Civil Litigation

A lot of students come to law school aspiring to be trial lawyers, or litigators in modern parlance. This could come from the spate of lawyer shows on TV, a love of forensic oratory, a keen satisfaction in persuading others to your view or something else. But whatever the source, the interest is there.


  • Administrative Law
  • Advanced Litigation
  • Alternative Dispute Resolution
  • Civil Rights Actions
  • Complex Litigation
  • Conflict of Laws
  • Federal Courts and the Federal System
  • Jurisdiction
  • Pretrial Advocacy
  • Trial Advocacy

Course descriptions

What is the best way to prepare for being a civil litigator? There is a tendency to believe that trial practice-oriented courses like Trial Advocacy and Advanced Litigation are the most important courses. They are important, of course, but too many students overlook other courses that are equally important, and maybe more so. More than 95 percent of civil cases filed do not go to trial. Thus, you need to focus considerable attention on courses that will help you position yourself to help your client outside the trial.

It is critically important, for example, that you have a good grounding in a variety of doctrinal courses. The cases you litigate will always be grounded in one or more areas of substantive law. While you cannot study every area of law that you are likely to encounter in practice, the more doctrinal areas you are familiar with, the better. And that broad familiarity with law will also make it easier for you to master new areas of law that come up in your practice.

An essential course for anyone who expects to set foot in a courtroom is Jurisdiction, which covers the courts' power over personal controversies. No student who expects to do any litigation should fail to take this course. The subject is complex, interesting and critically important.

Pretrial Advocacy gives you a solid grounding in the procedures that lead up to the trial. It could be termed "Civil Procedure in Practice." For most cases, the pretrial stage is where the case's outcome is determined - and that includes cases that go to trial.

Alternative Dispute Resolution is another course that every potential litigator ought to take. Mediation and arbitration are increasingly important ways of resolving disputes, including disputes that start out in litigation.

An often overlooked course that litigators ought to take is Administrative Law. Indeed, every aspiring lawyer ought to take this course. It can pretty much be guaranteed that no matter what you do in practice, you will encounter administrative agencies, and it is important that you understand how they work.

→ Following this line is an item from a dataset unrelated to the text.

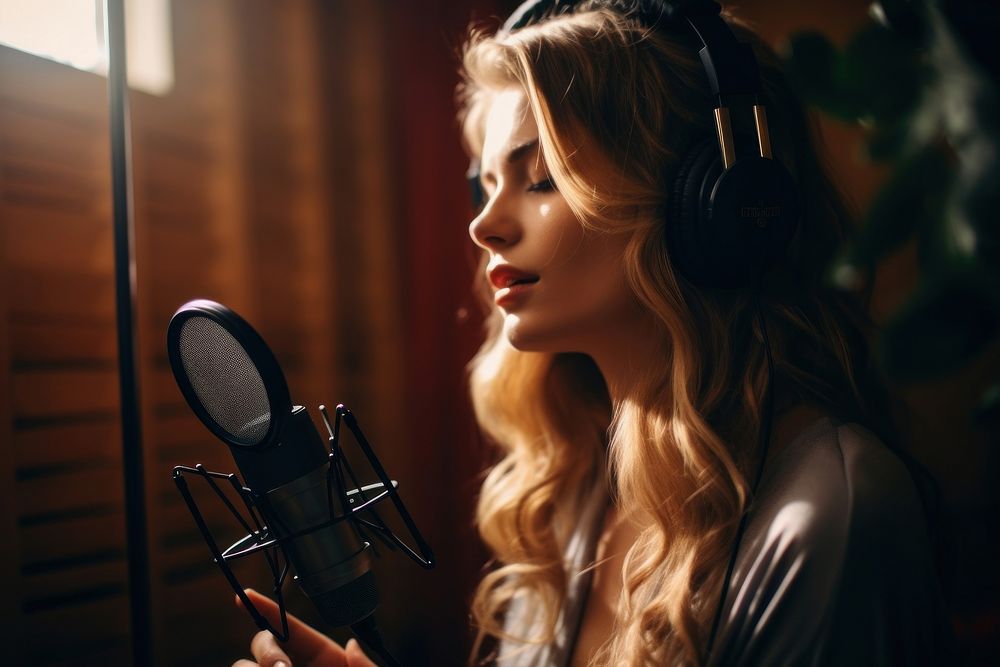 A woman in headphones is singing in the recording studio microphone adult performance. AI generated Image by rawpixel.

Conflicts of Laws is also easy to overlook. It helps you sort out which state's laws apply in multi-state disputes. Among other things, if you don't know how the various states resolve their conflicts issues, you could wind up suing in a state that is not favorable for your client. Thus, you should be thinking of conflicts issues even before you file suit; and if your opponent fails to consider those issues, you could definitely find that you have a leg up.

Complex Litigation is something that may come up in any litigation practice, but some firms specialize in it. Class actions, in particular, are almost a separate species of litigation, so someone who understands ordinary litigation still has a way to go to master class actions.

Everyone who litigates should have taken Federal Courts and the Federal System. The course, which might be described as advanced subject matter jurisdiction, is full of things that will astonish you, and if you don't know that they are there, they could be traps for you. Political science junkies should also like this course. The two major themes of the course are separation of powers and federalism - the role of federal courts vis-a-vis the other branches of government and vis-a-vis the state courts.

Civil Rights Actions is the other half of Federal Courts. It is somewhat more specialized, dealing with habeas corpus, civil rights litigation and state sovereign immunity, among other things. But these are also things that could come up in any practice, and they are sufficiently complex that it behooves you to get some help in understanding them.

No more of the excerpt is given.